Adventures with Numbers - COVID Conjugate Priors

The Context

Australia has adopted an isolationist policy in response to the global coronavirus pandemic. Upon arriving in Australia, passengers are isolated in designated hotels for at least 14 days. While this process is highly effective, leaks can and do occur. Fortunately, these are regularly brought under control with effective contact tracing.

I had previously written a post applying MCMC to infer & estimate the effectiveness of different quarantine programmes. In this post, I will build upon the fantastic work done by Antony Macali, who has diligently catalogued information about leaks for hotel quarantine. You can find the information he’s collected here.

With this information, we can chart how effective you would have believed the quarantine system of any state was over time. It’s the belief you would have had, based on the number of people successfully processed and the number of failures that occurred.

As more infected people are successfully processed, the estimated risk falls; conversely, if there is a breach, the estimated risk immediately rises.

To be clear, it’s not a chart of how effective the system was at any point in time, just our underlying belief based on the data we have observed up until that point in time.

The Model

We can build a simple but effective model by treating the number of leaks as a binomial variable.

We can then infer the probability each processed person results in a leak based on the number of people processed and the number of leaks observed.

We need to provide a prior estimate for the probability of processing anyone infected, resulting in a leak. A sensible estimate is that 1% of them will result in a leak. To encode this prior, I will use a beta distribution.

Previously I used Markov chain Monte Carlo (MCMC) to find the posterior distribution; however, in this case, we can sidestep MCMC by taking advantage of the fact that the beta distribution is a conjugate prior of the binomial distribution. This means that we can algebraically find the posterior without resorting to MCMC.

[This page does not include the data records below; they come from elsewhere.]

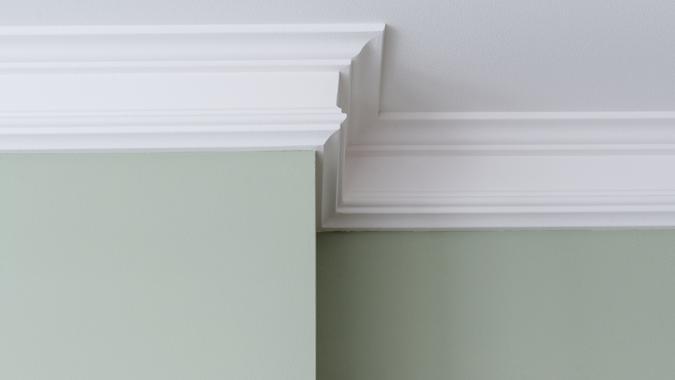Ceiling moldings in the interior Ceiling moldings in the interior, a detail of intricate corner.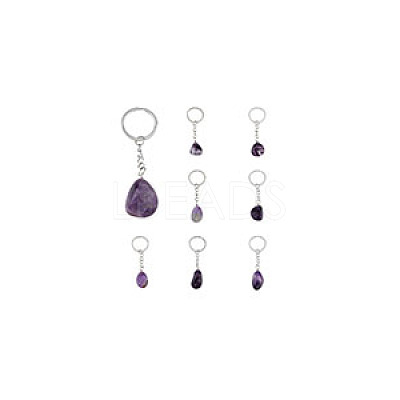 Natural Amethyst Keychain G-DC0001-25-1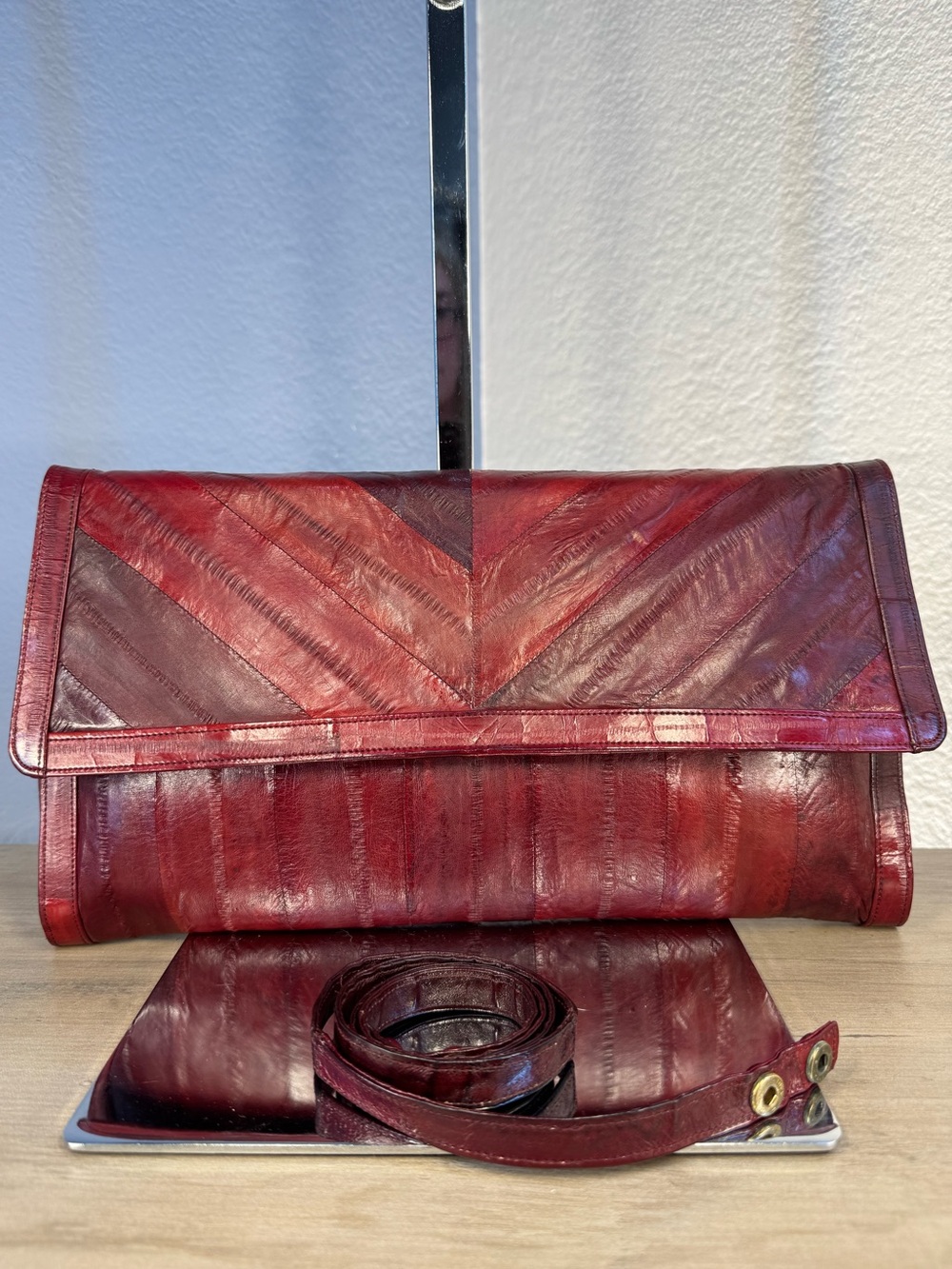 Vintage 1980s Genuine Eel Skin Jourdan Co. Convertible Clutch Shoulder Bag NOS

Let’s start by importing some useful libraries.

import matplotlib.pyplot as plt
import matplotlib.dates as mdates
import seaborn as sns
import pandas as pd
import numpy as np
import scipy.stats as st

plt.style.use('seaborn-darkgrid')
plt.rcParams["figure.figsize"] = (15,15)

Let’s load the dataset for each state from a CSV into a Pandas data frame.

def load_data(state):
    data_df = pd.read_csv(f'data/2021-05-02-Conjugate-Priors/COVID Live HQ Breaches - {state} 7d.csv')
    data_df['BREACH'] = data_df['BREACH'] > 0
    data_df = data_df.rename(columns={"DATE": "date", "BREACH": "breach", "OSEAS 7d AV": "avg_infections"})
    return(data_df)

This is where the magic happens.

Looking at a slice of our dataset,

We define a prior probability of 1 (a) breach per 100 (b) infected people processed.
We find the number of infected people (N) processed by the system.
We find the count of the breaches (count).
We find the posterior probability as beta(a+count, int(b+N-count))

def calculate_posterior(index, a = 1, b = 100, window_size_days = 360):
    N = np.sum(data_df.avg_infections[max([0,index - window_size_days]):index])
    count = np.sum(data_df.breach[max([0,index - window_size_days]):index])
    mean =  st.beta.mean(a+count, int(b+N-count))
    interval = st.beta.interval(0.80, a+count, int(b+N-count))
    return(mean, interval)

Now it’s just a matter of visualizing the results for different states.

states = ['NSW','VIC','NT','QLD','WA', 'SA']
for target_state in states:
    fig, ax = plt.subplots()
    fmt_half_year = mdates.MonthLocator(interval=1)
    ax.xaxis.set_major_locator(fmt_half_year)
    ax.grid(True)

    for state in states:
        data_df = load_data(state)
        lowers = []
        uppers = []
        means = []
        for index in range(0, data_df.date.shape[0]):
            mean, interval = calculate_posterior(index)
            lowers.append(100 * interval[0])
            uppers.append(100 * interval[1])
            means.append(100 * mean)

        if state == target_state:
            plt.plot(data_df.date, means, label = state, linewidth = 3)
            plt.fill_between(data_df.date, lowers, uppers, label = '90% Credible Interval', alpha = 0.25)
            
        else:
            plt.plot(data_df.date, means, alpha = 0.25, color = 'k')

    plt.title(target_state)
    plt.xlabel('Date')
    plt.ylabel('Estimated probability of breach per infected person processed (%)')

    plt.ylim(0,3.5)

    plt.legend()
    plt.show()

Conclusion

We can now create a real-time estimate of the probability of a breach and understand how it evolves.

As more infected people are successfully processed, the estimated risk falls; conversely, if there is a breach, the estimated risk immediately rises.

An implicit assumption is that the underlying risk inherent in the system is static, which may need to be more accurate in practice as the underlying system evolves. In the case of Victoria, the troubled quarantine system has undergone two evolutions. Time and data will tell if it’s 3rd time lucky.